My iOS sharing extension #Shaarli💫 (sourcecode+tests) has to communicate with HTML backends. Scraping data from HTML forms, sending HTTP posts. Now I want to avoid parsing HTML myself, but luckily libxml2 HTMLParser does that and is available on iOS. Giants, shoulders, you know.
Also I want to avoid to hold the complete document in memory, let alone traverse a DOM when I can grab the few things I need from a sax parser while they fly by. I used to get the form data with C/Objective-C and xpath, OMG. Having as few own, non-Swift-managed code as possible for parsing arbitrary content from the internet seems desirable.
So libxml2
for html parsing, sax (streaming or push parser) for slim
footprint and Swift for memory safety and ‘modern’ idioms
(Closures!).
Let’s add libxml2
sax parsing mojo to the Xcode project, following The Red
Queen Coder:
- in build settings look out for “Header Search Paths” and add
$(SDKROOT)/usr/include/libxml2
- to “Other Linker Flags.”
-lxml2
- to “Objective-C Bridging Header” a
foo/Bridging.h
, see below.
The actual parsing finally turned out simpler than expected.
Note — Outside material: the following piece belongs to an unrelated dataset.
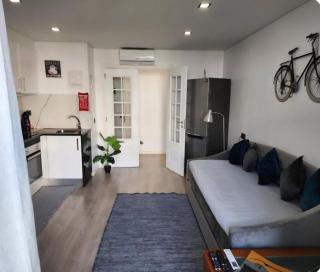 Ria Center Apartment - Right - 5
Especially the closures wiring the sax callbacks in line 52 look nice, don’t they?
Happy parsing!
Addendum
Bridging.h
//
// Bridging header to access libxml2 html parsing from Swift.
// http://mro.name/ShaarliOS
//
// First adjust some settings as described by http://redqueencoder.com/wrapping-libxml2-for-swift/
//
// * add to Xcode build settings “Header Search Paths”:
// $(SDKROOT)/usr/include/libxml2
// * add to Xcode build settings "Other Linker Flags."
// -lxml2
//
// Also: https://github.com/SonoPlot/Swift-libxml/blob/master/LibXMLWrapperExample/LibXMLWrapperExample/Bridging-Header.h
#import <libxml/HTMLparser.h>
#import <libxml/xmlerror.h>
HtmlFormParser.swift
//
// HtmlFormParser.swift
// http://mro.name/ShaarliOS
//
// Created by Marcus Rohrmoser on 09.06.19.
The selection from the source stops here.